Now you have an audience to sell other products to, either as an affiliate, or as a producer of new products.

A free product can be valuable for the end user and for your business.

Matthew Maier, personal & community health experiments

October 25th, 2018

Well, anything can work if you get lucky, and nearly anything can work if you have unique insight into your particular situation.

The standard guidance is that you should charge for your first version because otherwise you don't know if people are willing to pay for a solution to this problem.

A common failure mode is to build what you want to build, or what you THINK people want to buy, and then take it to the market and eventually find out that you can't sell it for enough money to make the venture profitable. Giving the functionality away for free is postponing that day of reckoning.

The particulars can change the standard guidance. For example, if you legitimately have a new market and a fast growing user base you might pour money into user acquisition and plan to monetize after you've blown any possible competition out of the market. But, even in that case, you probably aren't literally giving everything away for free. You might be working with advertisers behind the scenes to confirm that they will pay to access your audience.

You can adjust what you mean by "free product". Like you can offer a free trial, or a 100% money back guarantee, to help customers get started.

The bigger picture is that if you find yourself in this situation you probably don't understand your situation or aren't acting on that understanding. For example, if you are selling an expensive product to rich people or businesses they are going to want to see evidence of your own skin in the game and follow through. How much time, energy, and money have you already invested? What have you gotten for that investment? If you can't show them much because you don't believe in your own idea, why should they? If you can't show them much because you haven't achieved much, why would that change after you have their money?
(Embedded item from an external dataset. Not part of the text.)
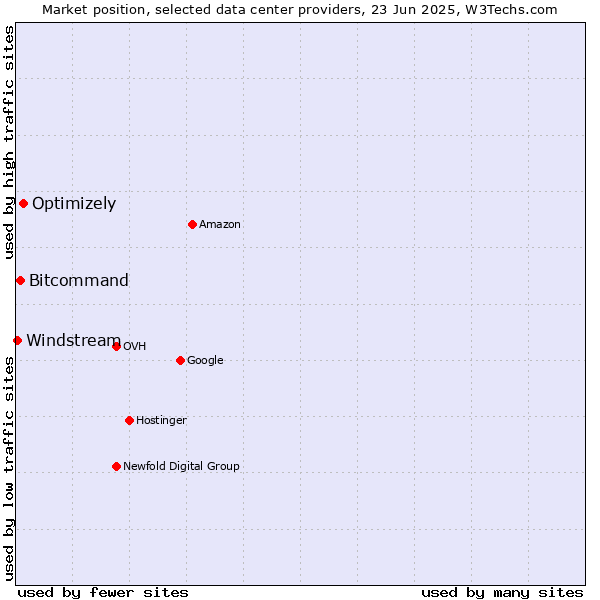 Market position of Optimizely vs. Bitcommand vs. Windstream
If you can't show them much because you don't have much so you haven't been able to get started, how are you going to handle the business if things get tight?

Consumers don't tend to ask those questions, but they also don't spend as much money.

If your "customers" are saying they'll try your product, but only if they get if for free, they aren't the sort of customers you want to have.

Wes Zimmerman Our Experience helps you reach your goals.

October 28th, 2018

It depends, I usually say NO, You need trusted trial users, that you actually listen to when they are not impressed. too often we hear what we want to hear, this is not the time.